Y esos padres, ¿cómo ponerse en su lugar? El segundo hijo que les es arrebatado tan pronto que parece mentira; ¿qué harán ahora, qué consuelo tendrán? Esos padres, todavía jóvenes, que han visto a un país entero volcado en el deseo, pese a la dureza amarga del terreno y de la aplastante realidad, de que Julen protagonizase un milagro. Un país, por unos largos días, atravesado por una corriente de empatía, de solidaridad, de buenos sentimientos. Julen podría haber sido nuestro hijo, nuestro hermano, Julen ha vivido todo este último tiempo en mitad de nuestras comidas familiares, presente en las entradas y salidas de colegios y guarderías, columpiándose en los parques y jardines al lado de otros críos de su edad, y en los dormitorios angelicales de millones de niños que, ellos sí, se despertaban a la mañana siguiente y todo comenzaba de nuevo.
Un país entero. Una triste noticia que lleva por nombre el de una criatura caída al vacío, qué terrible oscuridad, qué desconcierto insoportable, qué historia para no dormir. Padres, madres, esposas, novias, abuelos, compañeros, hermanos, superiores...; ha sido mucha la gente que ha tenido algo que ver de un modo más directo con esta tragedia. Todos ellos relacionados con los que han colaborado en el rescate: guardias civiles, mineros, bomberos, sanitarios, operarios, voluntarios, policías, empresarios, vecinos del lugar, rostros anónimos rezando en sus casas, en las iglesias, en las mezquitas... Un país dando otra lección de saber prestar auxilio colectivo, de saber hacer las cosas bien, incluso con la delicadeza que la ocasión requería.

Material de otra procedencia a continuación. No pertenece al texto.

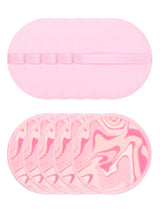 10Pcs Makeup Remover Pads Can Be Soaked in Water and Can Be Removed with Facial Makeup It Can Also Be Used with Makeup Remover.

Un niño devorado por las profundidades de un maldito pozo que debía estar tapado, un niño que pasó veloz de jugar con toda la vida por delante, a la antesala oscura y vertical de la muerte; preso del pánico, hacinado en un ataúd fortuito, sin conocimiento alguno sobre el Más Allá que le esperaba agazapado allí abajo, un lugar ya inolvidable porque albergó todo el terror que un niño jamás debería conocer y una procesión sagrada de lágrimas.
Me he familiarizado con los rostros de sus seres más queridos y, también, con los de esa gente anónima que ha dejado un poco de su vida en esta historia de principio y final trágicos; rostros en los que a veces se palpaba el intento conmovedor por no naufragar y venirse abajo ellos también. No sé, quizás todos sabían que era imposible volverlo a ver con vida, pero está claro que no querían que su cuerpo permaneciese más tiempo abandonado tan lejos, casi en el centro de la Tierra. Respeto enormemente ese irracional anhelo por no pasar el resto de la vida imaginando al hijo o a cualquier otro ser amado convirtiéndose en polvo en lugares tan inaccesibles, y también todos los esfuerzos, humanos e incluso inhumanos, que conllevan las tareas del rescate, aunque solo sea, perdida incluso toda esperanza, para acariciar su rostro una vez más.